Paul Tucker, founder of the Odd Men Out knows a least a little something about virtually everything. 

Both Curt and Gene are on to something. I don't agree with Curt about his assertion that the screenwriter and director are mere pawns in some cosmic chess game being moved by some invisible hand. How can we praise these obviously talented and insightful filmmakers while simultaneously saying that they didn't have a clue as to what they were doing? Gifted storytellers like the Wachoski brothers and George Lucas study the art and history of storytelling. They dip into the deep well of human storytelling and retell the most successful and satisfying in a new way.  Isn't this what O. Henry did, too? C.S.Lewis? Tolkien? Donaldson? (Insert your favorite author here)? Individuals are then free to find "their" story amidst the stories.

The themes are compelling and Stranger Than Fiction (STF) is a masterpiece of storytelling, which includes it's own glossary (which is itself a gloss explaining the importance of the story) and outline.  Aren't you glad you're not a Golem? The inclusion of this gloss may be part of the reason that some reviewers felt it was Kauffman lite. These reviewers seem to prize the obfuscatorial over the inspirational. I wouldn't go as far as to say that the STF makers understood the Greatest Story Ever Told in the same way that students of Christian story telling do.  But they certainly were aware of the power of a good story and have, with a great sense of humor, explored some of the most important themes of life.
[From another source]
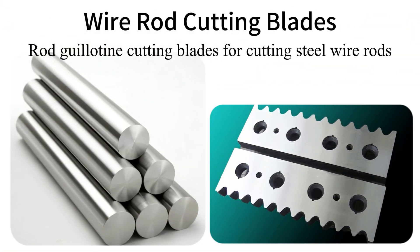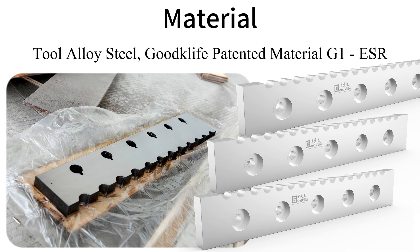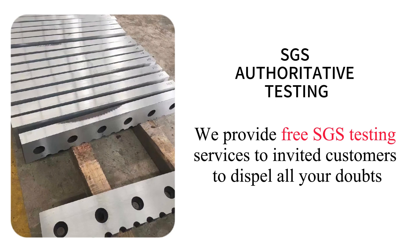Rod Guillotine Cutting Blades for cutting steel wire rods. Tool Alloy Steel — Goodglyph Patented Material G1ES-R. We provide free SGS testing services to invited customers to dispel all your doubts.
The "Christian" themes are there for "Christian Theme Hunters" to find and feel satisfied about finding them while certain that the storyteller was himself oblivious. But for me, I thought Dr. Hilbert's listing of possible story lines and the importance of how to find out what "story" you are in was the tasty morsel. People need a story to attach to their lives to give it meaning. Everyone has a "story" or a "worldview" that they use to make sense of their experiences. I really enjoyed Crystal Downing's (professor of English at Messiah College) review of Waking Ned Devine where I learned about Lyotard and metanarratives. STF bumps all around the Christian metanarrative themes of knowing self sacrifice and then tosses into the mix the meaning of life, meaning of death, apples, ivory tower jumpers into pools, criticism of the quantification of life (counting brush strokes), stunning architectural metaphors, and the agonizing yet heroic struggle of the writer (liver) to get the story (life) right. But little do I know.